Rising soy prices tempt US farmers to alter planting plans
              


Soy prices soaring to six-month highs and planting delays around the US Midwest may cause some farmers to seed more soy this spring than they initially planned.

 

Soy prices have risen nearly 15 percent in the three weeks since the US government forecast 2009 soy acreage at 3.6 million acres below market expectations. The rise has been fuelled in part by China's strong demand.

 

Corn prices, by comparison, were down more than 3 percent during the same time period.

 

Analyst Darrell Jobman said that based on the prices, there is probably a little bit more inclination to go with soy this year because of price differential.

 

To be sure, many farmers already have invested in the fertiliser they need to plant corn and were committed to planting decisions they made months ago.

 

However, a late harvest in 2008 and a damp fall left many farmers unable to fertilise their intended corn acreage before winter, giving them flexibility about what to plant on those fields this year.

 

Soy will look even more attractive if planting delays around the Corn Belt begin to threaten total production.

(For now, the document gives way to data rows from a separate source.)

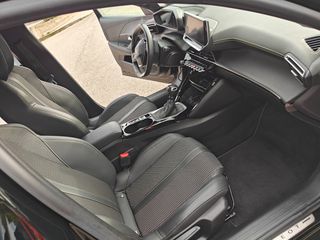 Peugeot 208 2020 GT LINE-thumb-18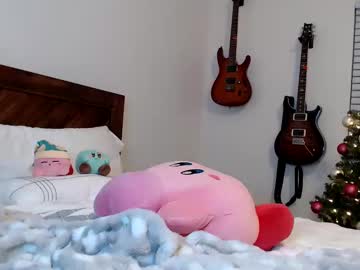 ashleyyylove13's chat room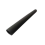 Thick grips for gym equipment 2pcs 25mm diameter 4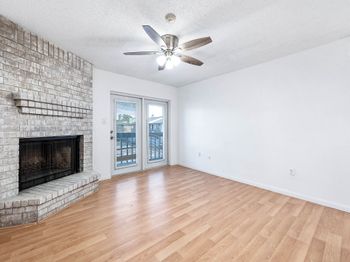 260 El Dorado Boulevard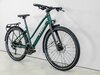 Trek Dual Sport 2 EQ Stagger XL Juniper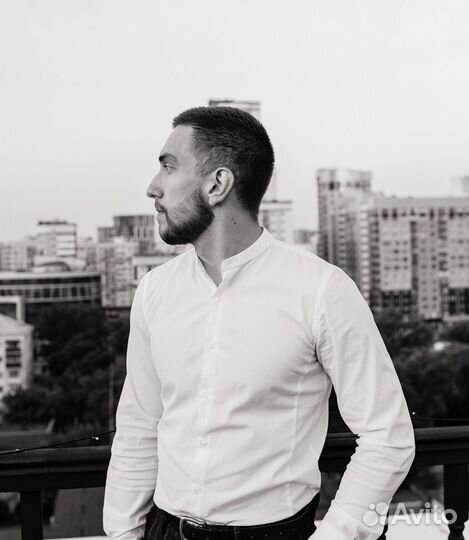 Специалист по недвижимости/Риэлтор/Ипотека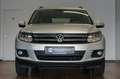 Volkswagen Tiguan 2.0 TDI Trend & Fun 4M|1. HD|BI-XENON|DSG Silber - thumbnail 4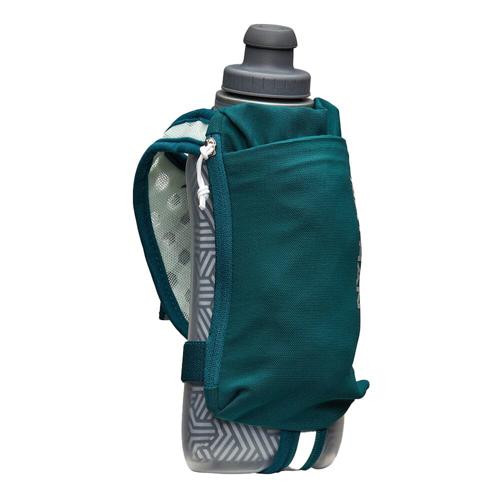 Nathan SpeedDraw 2 Insulated Flask 18oz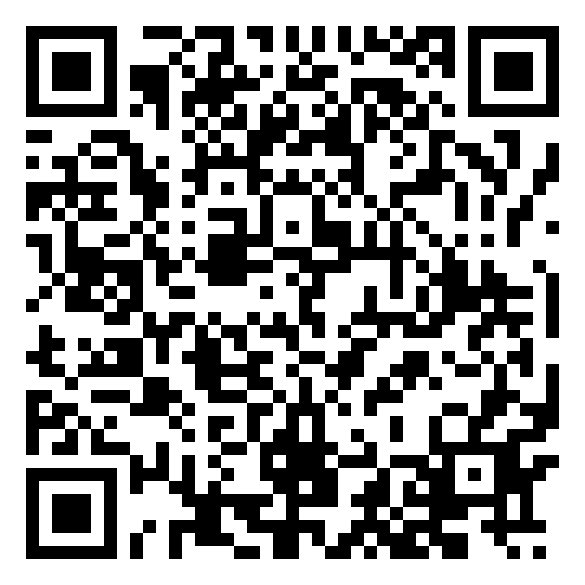 kod QR z danymi kontaktowymi 30242750300000
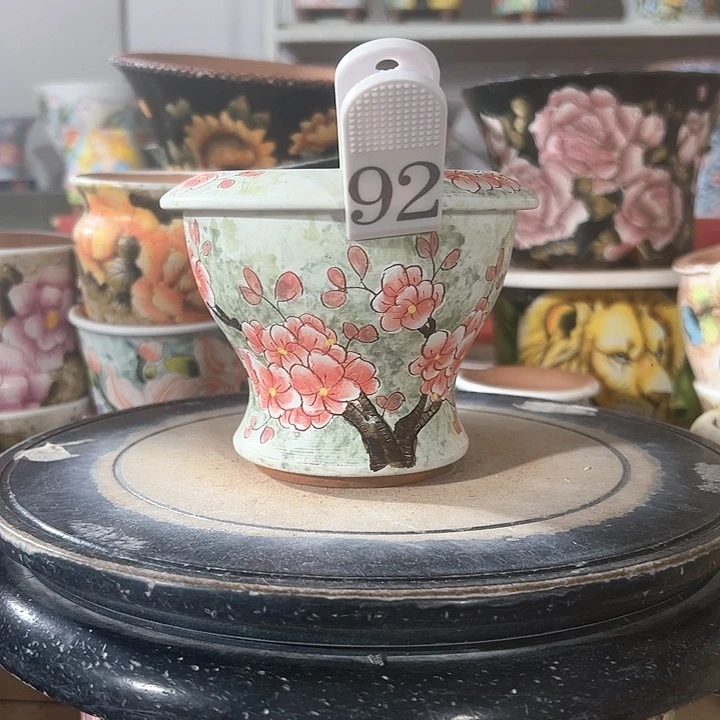 满38包邮 不满足不发哈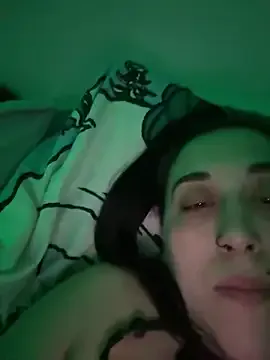 ThicBunz Image 17
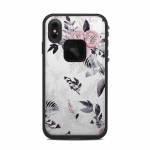 Neverending LifeProof iPhone XS Max fre Case Skin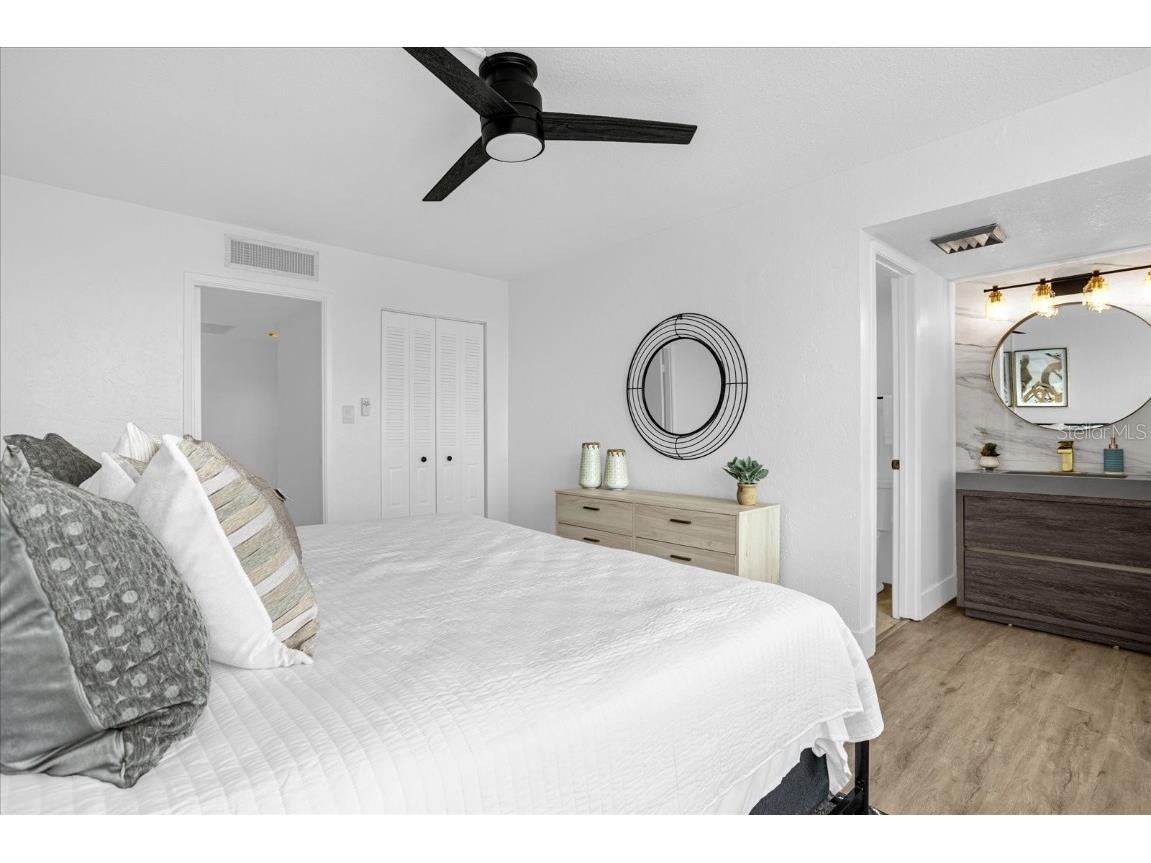 2947 S Atlantic Avenue #201 Daytona Beach Shores FL 32118 V4941898 image14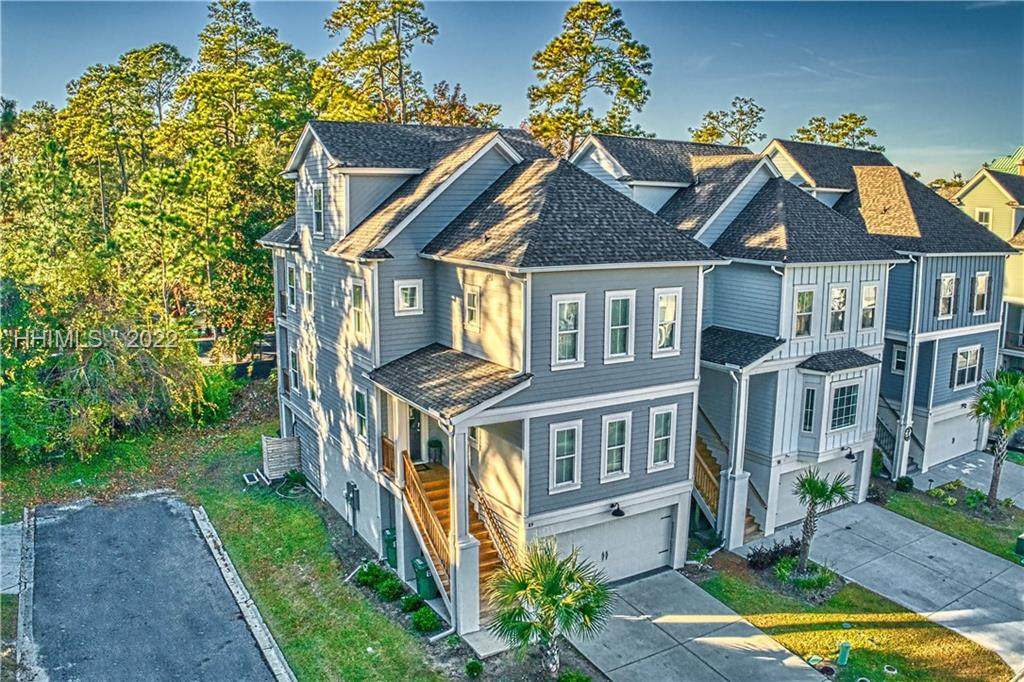 89 Sandcastle Court - Photo 1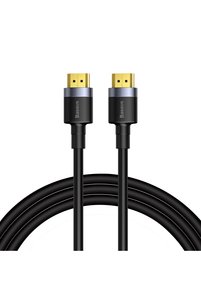 Related product image Baseus Photo & Camera Accessories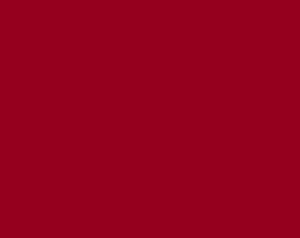 Bordo 2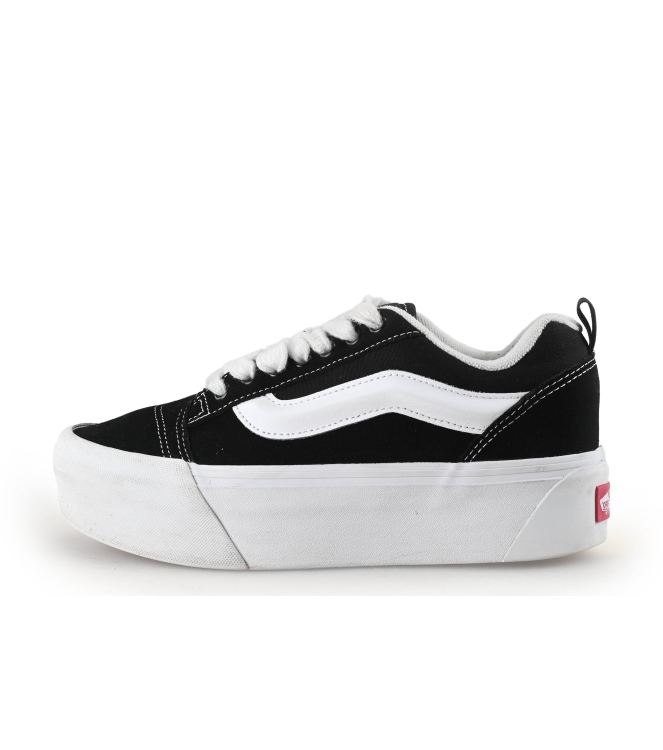 Vans Sportschoenen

Corn planted after mid-May typically loses one bushel per acre for every day-seeding delayed.

 

Planting was already behind schedule in most areas. The US Department of Agriculture (USDA) said that corn planting was 5 percent complete as of April 19, well below the five-year average for late April of 14 percent.

 

Last year, when corn prices were 35 percent higher than current levels, farmers were doing whatever they could to plant as much as they possibly could, including running tractors through fields in muddy conditions and risking yield loss by seeding corn well into June.

 

But most forecasts for turning a profit with corn this year assume a good corn yield at harvest. Planting delays were causing farmers to make new calculations to determine if corn was still their best option.

 

Prices for new crop soy already rose past US$9 per bushel; a level most farmers assume will give them a profit, in most areas of the Midwest.

 

Grain dealers around the region said growers have been locking in that price for soy they will deliver in the fall for the past few weeks.

 

New-crop corn sales have been slower, as prices remained below the level growers have calculated they need to break even due to high input costs. Some farmers locked in prices for fuel and fertiliser at record highs last fall.